Abstract Syntax Trees

The parsing method discussed here does not require that the parse tree be kept around. Note, though, that the parse tree can be reconstructed directly if we keep

a file of the rule numbers used in the parse
the token file

Many parsing strategies require that tree information be kept around for the duration of the compile. Use can often be made of these trees to produce more efficient target code. However, there are a lot of rules in most grammars that are necessary for ensuring that a string has the proper form (syntax) that can be discarded once that determination has been made. This can result in more compact "abstract syntax trees" that can be used as the intermediate output of the compiler. For example, the expression ε

3*a + 5*b

has the following tree according to grammar 3. Note some of the leaves of this tree are labeled "lambda." The software used to generate this tree did not have access to the Unicode character set. Wherever "lambda" occurs the empty string ε (Greek epsilon) should be substituted.

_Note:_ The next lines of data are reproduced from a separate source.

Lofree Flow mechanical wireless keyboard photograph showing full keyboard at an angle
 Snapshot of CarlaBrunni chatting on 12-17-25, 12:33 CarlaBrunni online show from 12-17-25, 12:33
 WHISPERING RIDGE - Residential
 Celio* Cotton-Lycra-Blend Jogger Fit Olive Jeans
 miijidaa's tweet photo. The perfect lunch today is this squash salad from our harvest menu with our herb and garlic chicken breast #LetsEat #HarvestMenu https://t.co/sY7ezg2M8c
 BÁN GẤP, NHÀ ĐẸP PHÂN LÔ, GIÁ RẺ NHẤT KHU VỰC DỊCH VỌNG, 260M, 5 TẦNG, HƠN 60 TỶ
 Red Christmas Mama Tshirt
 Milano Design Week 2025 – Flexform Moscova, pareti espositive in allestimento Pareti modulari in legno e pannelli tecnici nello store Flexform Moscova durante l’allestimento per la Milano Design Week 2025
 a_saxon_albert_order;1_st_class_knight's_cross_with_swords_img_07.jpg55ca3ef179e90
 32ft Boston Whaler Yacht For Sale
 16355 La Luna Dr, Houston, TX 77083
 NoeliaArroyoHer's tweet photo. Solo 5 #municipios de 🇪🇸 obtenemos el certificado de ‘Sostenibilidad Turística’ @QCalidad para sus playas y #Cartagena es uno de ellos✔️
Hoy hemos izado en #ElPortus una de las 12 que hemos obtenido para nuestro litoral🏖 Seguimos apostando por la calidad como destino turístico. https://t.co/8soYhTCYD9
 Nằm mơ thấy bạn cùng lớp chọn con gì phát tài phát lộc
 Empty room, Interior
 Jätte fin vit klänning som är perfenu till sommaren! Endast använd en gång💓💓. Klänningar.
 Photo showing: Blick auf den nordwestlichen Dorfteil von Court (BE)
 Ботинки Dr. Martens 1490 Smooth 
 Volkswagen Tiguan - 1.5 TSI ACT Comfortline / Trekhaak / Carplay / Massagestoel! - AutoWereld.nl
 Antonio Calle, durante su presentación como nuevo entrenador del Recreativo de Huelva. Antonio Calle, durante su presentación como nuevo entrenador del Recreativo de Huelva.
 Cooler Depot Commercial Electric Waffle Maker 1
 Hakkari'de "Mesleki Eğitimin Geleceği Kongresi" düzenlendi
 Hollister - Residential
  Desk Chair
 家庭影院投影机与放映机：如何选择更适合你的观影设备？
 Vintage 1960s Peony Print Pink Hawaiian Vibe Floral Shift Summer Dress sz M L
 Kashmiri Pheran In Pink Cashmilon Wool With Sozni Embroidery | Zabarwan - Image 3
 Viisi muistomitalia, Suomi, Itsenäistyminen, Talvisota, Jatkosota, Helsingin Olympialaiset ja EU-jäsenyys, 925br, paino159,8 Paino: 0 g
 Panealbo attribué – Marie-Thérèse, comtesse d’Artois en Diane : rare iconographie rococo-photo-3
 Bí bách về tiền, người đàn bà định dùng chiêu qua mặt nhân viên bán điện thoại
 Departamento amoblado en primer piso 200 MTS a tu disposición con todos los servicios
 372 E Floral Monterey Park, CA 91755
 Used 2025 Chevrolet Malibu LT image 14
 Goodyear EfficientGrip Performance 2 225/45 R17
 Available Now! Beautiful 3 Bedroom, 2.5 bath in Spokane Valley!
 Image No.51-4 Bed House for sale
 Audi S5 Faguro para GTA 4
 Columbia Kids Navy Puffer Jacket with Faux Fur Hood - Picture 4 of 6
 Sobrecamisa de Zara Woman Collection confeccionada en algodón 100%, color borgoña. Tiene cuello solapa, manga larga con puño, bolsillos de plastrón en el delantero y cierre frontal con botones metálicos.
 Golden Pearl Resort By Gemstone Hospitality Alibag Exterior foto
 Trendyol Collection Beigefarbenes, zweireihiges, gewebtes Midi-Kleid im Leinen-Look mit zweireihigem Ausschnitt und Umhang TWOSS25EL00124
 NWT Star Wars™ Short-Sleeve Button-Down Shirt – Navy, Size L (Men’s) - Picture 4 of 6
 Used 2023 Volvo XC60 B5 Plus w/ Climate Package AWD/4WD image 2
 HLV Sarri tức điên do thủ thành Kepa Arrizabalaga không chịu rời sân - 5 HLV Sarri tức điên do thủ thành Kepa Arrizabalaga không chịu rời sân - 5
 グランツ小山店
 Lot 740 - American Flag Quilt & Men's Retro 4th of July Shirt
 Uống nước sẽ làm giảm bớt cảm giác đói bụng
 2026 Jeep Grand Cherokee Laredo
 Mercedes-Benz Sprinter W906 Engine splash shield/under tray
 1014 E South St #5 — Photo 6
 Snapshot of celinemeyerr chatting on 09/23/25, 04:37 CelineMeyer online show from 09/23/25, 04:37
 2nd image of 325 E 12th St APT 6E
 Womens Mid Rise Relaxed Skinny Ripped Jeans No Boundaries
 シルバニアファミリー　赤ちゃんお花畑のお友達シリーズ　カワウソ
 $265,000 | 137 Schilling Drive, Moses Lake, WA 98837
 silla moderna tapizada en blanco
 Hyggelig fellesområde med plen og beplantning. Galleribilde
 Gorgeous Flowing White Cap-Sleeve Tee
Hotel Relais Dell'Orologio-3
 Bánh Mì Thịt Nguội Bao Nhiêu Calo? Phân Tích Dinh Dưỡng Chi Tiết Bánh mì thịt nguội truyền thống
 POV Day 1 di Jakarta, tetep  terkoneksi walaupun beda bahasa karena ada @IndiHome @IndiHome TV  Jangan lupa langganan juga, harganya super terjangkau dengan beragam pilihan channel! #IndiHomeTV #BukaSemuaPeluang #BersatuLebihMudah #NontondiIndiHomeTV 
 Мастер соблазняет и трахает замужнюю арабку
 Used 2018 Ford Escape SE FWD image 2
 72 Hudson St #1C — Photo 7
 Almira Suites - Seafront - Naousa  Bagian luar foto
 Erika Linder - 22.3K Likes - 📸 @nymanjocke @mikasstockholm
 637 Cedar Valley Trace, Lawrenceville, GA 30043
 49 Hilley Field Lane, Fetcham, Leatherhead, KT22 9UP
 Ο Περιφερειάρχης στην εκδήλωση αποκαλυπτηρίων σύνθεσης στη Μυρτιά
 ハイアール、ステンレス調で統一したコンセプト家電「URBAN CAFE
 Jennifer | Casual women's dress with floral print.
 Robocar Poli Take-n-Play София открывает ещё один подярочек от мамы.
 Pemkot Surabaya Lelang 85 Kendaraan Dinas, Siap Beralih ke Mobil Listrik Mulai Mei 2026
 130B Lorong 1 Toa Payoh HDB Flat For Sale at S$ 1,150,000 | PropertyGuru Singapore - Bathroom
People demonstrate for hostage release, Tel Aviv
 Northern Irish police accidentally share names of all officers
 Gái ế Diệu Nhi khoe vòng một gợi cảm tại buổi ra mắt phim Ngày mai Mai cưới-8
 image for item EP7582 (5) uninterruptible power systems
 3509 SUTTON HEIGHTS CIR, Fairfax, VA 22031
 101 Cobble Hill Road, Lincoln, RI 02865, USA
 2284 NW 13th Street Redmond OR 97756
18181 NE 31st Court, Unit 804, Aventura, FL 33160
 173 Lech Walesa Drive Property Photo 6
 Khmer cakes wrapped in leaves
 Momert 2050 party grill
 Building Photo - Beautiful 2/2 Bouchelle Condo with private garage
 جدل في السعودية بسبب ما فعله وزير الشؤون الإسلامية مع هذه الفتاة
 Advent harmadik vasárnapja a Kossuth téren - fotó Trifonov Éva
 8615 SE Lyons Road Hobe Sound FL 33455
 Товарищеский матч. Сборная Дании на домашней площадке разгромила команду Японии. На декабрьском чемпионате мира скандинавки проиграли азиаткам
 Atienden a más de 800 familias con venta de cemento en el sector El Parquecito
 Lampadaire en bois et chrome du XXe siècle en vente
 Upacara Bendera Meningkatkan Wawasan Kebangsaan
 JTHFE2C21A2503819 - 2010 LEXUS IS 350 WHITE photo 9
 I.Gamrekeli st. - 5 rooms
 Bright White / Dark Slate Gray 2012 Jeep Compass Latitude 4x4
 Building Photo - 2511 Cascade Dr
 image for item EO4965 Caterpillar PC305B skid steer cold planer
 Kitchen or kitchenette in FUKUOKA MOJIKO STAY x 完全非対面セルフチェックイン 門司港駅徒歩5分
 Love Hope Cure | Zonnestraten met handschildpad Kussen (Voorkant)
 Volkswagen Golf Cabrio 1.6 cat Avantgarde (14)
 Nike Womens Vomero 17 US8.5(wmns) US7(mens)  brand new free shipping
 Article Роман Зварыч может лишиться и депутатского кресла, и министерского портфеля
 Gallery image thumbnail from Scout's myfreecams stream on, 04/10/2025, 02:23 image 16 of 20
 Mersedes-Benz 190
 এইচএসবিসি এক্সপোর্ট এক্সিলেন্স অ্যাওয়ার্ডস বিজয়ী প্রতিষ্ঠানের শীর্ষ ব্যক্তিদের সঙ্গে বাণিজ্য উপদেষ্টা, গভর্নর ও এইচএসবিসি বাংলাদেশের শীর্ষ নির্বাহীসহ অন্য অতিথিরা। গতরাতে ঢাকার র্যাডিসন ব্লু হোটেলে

This is one big ugly tree for a relatively small expression. It was necessary to build this tree in order to ensure that the expression met the rules of the grammar, specifically the precedence of the arithmetic operators of the grammar. However, once built, the important information in the tree can be distilled to:

                             +
                            / \
                           /   \
                          /     \
                         *       *
                        / \     / \
                       /   \   /   \ 
                     3     a 5     b

This tree gives in concise form the order of the operations and the operands. In other words, it abstracts the essential syntactical information from the parse tree above, which is why it is called an abstract syntax tree.